Supplied material –
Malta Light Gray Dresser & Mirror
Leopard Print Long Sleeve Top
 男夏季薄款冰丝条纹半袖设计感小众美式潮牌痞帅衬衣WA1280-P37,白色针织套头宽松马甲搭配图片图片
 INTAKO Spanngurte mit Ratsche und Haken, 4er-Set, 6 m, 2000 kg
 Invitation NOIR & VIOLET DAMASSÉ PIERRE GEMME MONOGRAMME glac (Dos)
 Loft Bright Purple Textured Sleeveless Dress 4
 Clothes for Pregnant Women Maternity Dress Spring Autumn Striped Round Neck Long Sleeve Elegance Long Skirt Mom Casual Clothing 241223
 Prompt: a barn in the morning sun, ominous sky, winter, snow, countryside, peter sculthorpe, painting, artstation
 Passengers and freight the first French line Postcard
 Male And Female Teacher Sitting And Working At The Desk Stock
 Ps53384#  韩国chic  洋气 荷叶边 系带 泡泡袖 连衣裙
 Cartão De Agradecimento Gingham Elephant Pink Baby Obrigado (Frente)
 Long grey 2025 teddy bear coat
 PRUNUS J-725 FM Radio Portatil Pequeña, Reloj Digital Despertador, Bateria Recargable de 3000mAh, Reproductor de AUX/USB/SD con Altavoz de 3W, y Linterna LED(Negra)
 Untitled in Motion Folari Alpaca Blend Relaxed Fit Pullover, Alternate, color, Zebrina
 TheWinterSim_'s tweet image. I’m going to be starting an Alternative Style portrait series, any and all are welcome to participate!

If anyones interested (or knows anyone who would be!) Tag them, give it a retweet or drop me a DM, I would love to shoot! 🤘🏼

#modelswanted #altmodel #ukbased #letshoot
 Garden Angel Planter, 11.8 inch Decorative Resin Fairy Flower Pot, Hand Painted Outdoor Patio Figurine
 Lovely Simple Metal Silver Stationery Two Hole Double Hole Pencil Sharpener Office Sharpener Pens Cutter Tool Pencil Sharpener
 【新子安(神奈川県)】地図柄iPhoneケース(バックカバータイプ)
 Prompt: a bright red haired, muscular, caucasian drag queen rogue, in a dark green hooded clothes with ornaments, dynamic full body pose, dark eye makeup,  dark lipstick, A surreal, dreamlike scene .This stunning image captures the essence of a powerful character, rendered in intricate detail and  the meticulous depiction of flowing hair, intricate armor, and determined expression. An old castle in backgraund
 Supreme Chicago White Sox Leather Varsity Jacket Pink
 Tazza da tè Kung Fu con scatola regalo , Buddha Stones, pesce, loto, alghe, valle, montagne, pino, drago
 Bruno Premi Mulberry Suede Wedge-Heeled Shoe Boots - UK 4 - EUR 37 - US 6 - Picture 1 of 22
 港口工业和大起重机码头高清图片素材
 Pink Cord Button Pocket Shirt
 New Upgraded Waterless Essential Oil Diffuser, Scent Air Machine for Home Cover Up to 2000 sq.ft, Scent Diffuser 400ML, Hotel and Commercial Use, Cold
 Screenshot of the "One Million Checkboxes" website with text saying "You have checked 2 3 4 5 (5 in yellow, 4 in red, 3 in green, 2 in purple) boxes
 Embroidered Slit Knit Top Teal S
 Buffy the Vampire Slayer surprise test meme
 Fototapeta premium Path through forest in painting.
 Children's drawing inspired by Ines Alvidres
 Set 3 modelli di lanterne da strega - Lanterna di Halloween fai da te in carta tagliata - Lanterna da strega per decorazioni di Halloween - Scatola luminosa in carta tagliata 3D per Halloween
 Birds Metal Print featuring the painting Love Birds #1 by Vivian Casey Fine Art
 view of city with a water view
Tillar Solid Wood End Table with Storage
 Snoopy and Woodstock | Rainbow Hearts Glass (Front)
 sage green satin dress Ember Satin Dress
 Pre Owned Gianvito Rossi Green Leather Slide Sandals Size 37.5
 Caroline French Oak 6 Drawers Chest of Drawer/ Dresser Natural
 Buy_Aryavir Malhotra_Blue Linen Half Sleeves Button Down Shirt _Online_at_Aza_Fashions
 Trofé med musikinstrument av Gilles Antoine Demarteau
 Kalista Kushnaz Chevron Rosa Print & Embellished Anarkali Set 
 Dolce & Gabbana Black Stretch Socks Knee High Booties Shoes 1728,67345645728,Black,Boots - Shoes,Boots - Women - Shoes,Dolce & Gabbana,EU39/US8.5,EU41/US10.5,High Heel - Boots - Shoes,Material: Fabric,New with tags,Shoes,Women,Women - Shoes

Your objective –
Filter the data for the string "Prompt". Copy each matching line.

Answer –
 Prompt: a barn in the morning sun, ominous sky, winter, snow, countryside, peter sculthorpe, painting, artstation
 Prompt: a bright red haired, muscular, caucasian drag queen rogue, in a dark green hooded clothes with ornaments, dynamic full body pose, dark eye makeup,  dark lipstick, A surreal, dreamlike scene .This stunning image captures the essence of a powerful character, rendered in intricate detail and  the meticulous depiction of flowing hair, intricate armor, and determined expression. An old castle in backgraund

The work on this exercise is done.